As some of you know, I'm currently working to analyze data I collected last summer, about recruitment in the Arctic deep sea. I worked with German collaborators to finish a long-term experiment, and we collected a set of brick and plastic panels that had been on the seafloor for 18 years. Since the cruise last August, I have counted, identified, and measured all the recruits that were on the panels and begun writing two papers about my findings.
I wanted to compare the recruitment patterns of my animals over time to environmental data, to see if there was any connection between what was going on in the environment and what animals settled on the panels in different years. My German collaborators have incredible long-term data sets from the Hausgarten observatory, where the recruitment experiment took place, so I'm able to mine the data and look for patterns. The most important environmental factor for my recruiting species is the current. All of the most common species on the panels eat particles or small animals in the water, so they rely on the bottom current to deliver their food. I wanted to see if there was any connection between current velocity and recruitment of these suspension feeders.
So I downloaded the German data. Friends, I'm not talking about a handful of numbers here. My German collaborators have measured the speed and direction of the bottom current at the central Hausgarten station every hour for the last 14 years.
That's 135,092 data points, in case you were wondering.

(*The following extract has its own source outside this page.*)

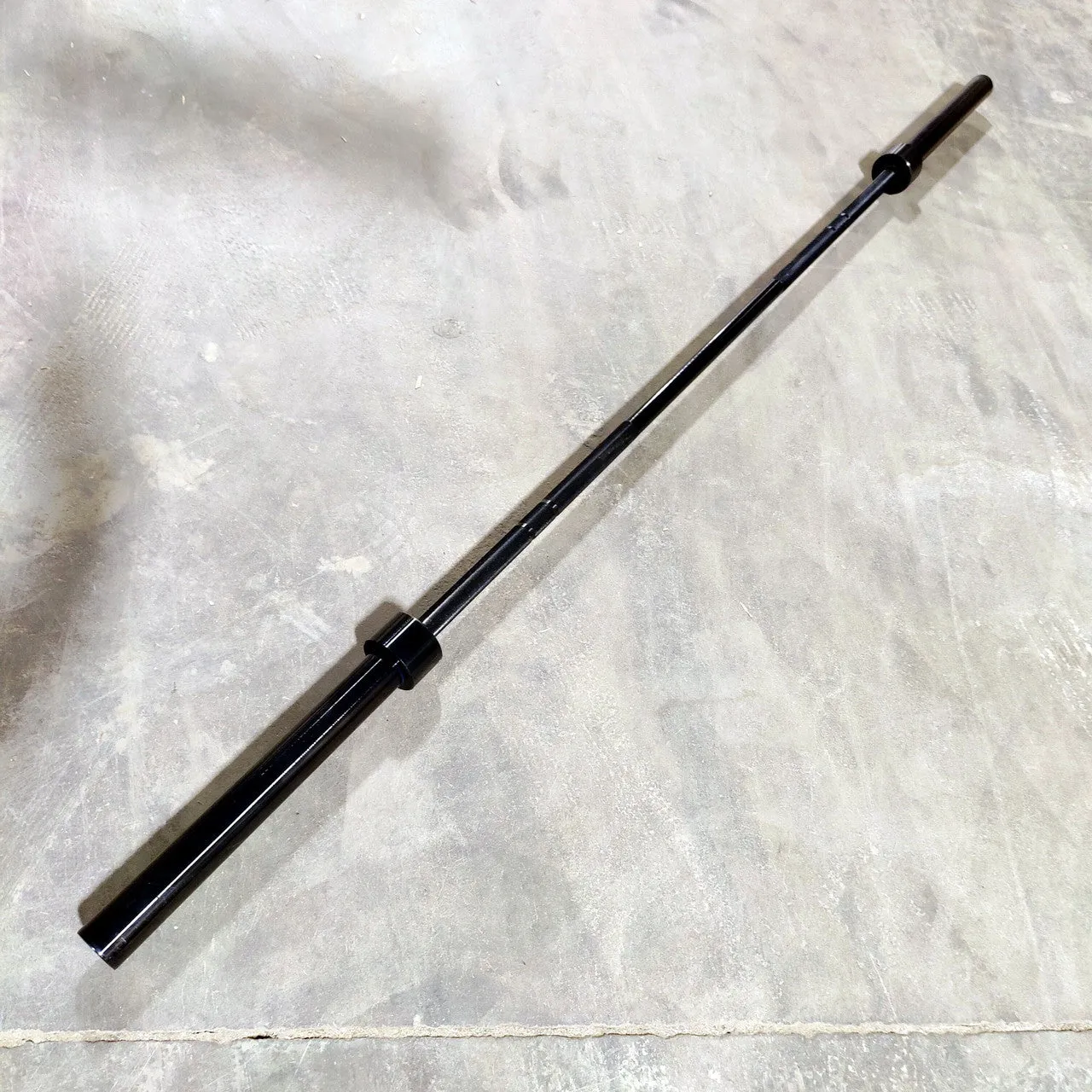 NEW Midwest Power Bar Black Zinc (Blem)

No way I could do the analysis by hand.
Thankfully, there are some really great tools out there for working with gigantic datasets. I ended up using the code-based program Matlab for my analysis. Matlab is nice because it's so flexible - you can literally do anything with it - but the drawback is that you really have to know what you're doing. There are no buttons to push; you have to tell the program everything you want it to do in lines of code. More and more, I find myself doing code-based data analysis, and it's an incredibly important skill to have as a scientist.
Matlab is also a good tool because there's a community of people who use the program and help one another out. I spent a few hours today searching through help forums online, trying to figure out how to do what I wanted to do. In the end, I figured it out - in fact, I was even able to piece together other people's scripts to accomplish what I needed to. I was able to plot my data.
Check out the figure at right here. Each stick shows the speed and direction of the bottom current at the central Hausgarten station on one day between 2003 and 2017. They're arranged chronologically left to right. Personally, I think the pile of sticks looks a bit like a blue porcupine, but it tells me some important things: (1) most of the time, the current is to the northwest, and (2) sometimes, the current is to the south or southeast. It's those anomalous days that I'm going to focus on, because they seem to be more common in certain years. I wonder if years with anomalous current have any differences in recruitment compared to other years.
It was a long day of coding, but my analysis is moving forward. I can't wait to see how my data match up!